Sanzo straightened his newspaper and sat for some time. Hakkai waited patiently, kind enough not to tap his fingers but cruel enough to keep staring in the general direction Sanzo's head was behind the paper.
"Anything but snow." Sanzo replied. Hakkai's eyebrows rose, partly from curiosity, partly from surprise. A slight frown appeared under the smile when Sanzo reached over and took Hakkai's tea. He took a generous sip and placed it at his right. "I hate the cold."
To this day, Sanzo doesn't quite know what it was; maybe because he felt it wasn't important. It wasn't confirmation, and for the billionth time Sanzo felt assured it wasn't love. It was a calling of sorts: not so obnoxious as the monkey's, but it took on that same melancholy state.

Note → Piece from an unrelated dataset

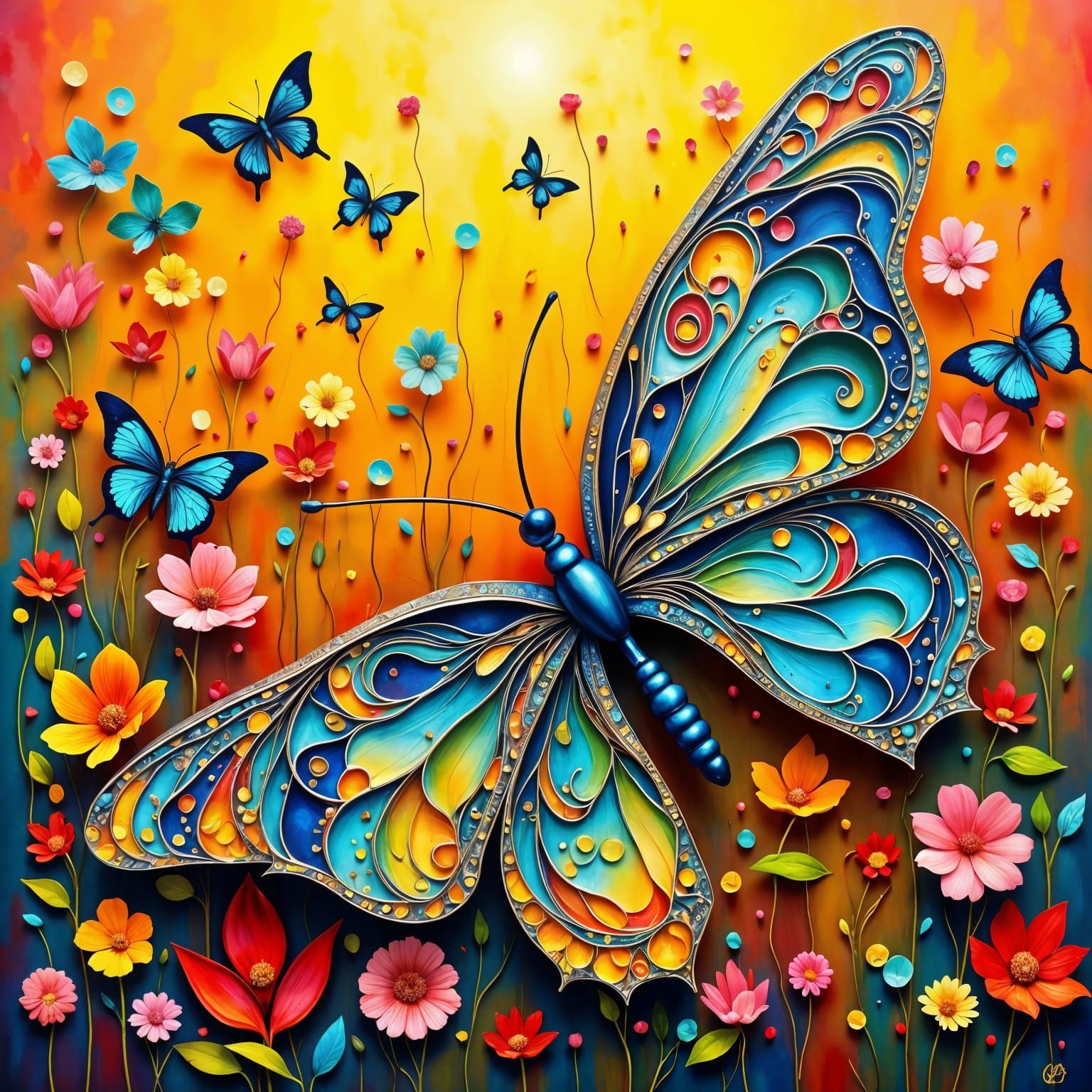 Surreal Butterflies Dance Among Vibrant Wildflowers
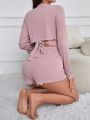 Cross Wrap Front Tie Back Top And Shorts Homewear Set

It wasn't loneliness, it wasn't a craving. In the most specific terms and the vaguest sense, it was apathy. But it was mutual, and that there made the difference. The choosing to be indifferent about a very significant act told Sanzo all he needed to know about those rainy nights with Hakkai.
They were chosen, they were deliberate, and they were real. Everything of significance that happened to Genjyo Sanzo were of this caliber, and so, deep in his gut he knew it was right.
He stopped caring, and accepted it.
Friends had that effect on you.
A/N: I have no excuse for this. I have no idea what's going on in my mind, honestly. I hope it was enjoyed. Thanks for dropping by!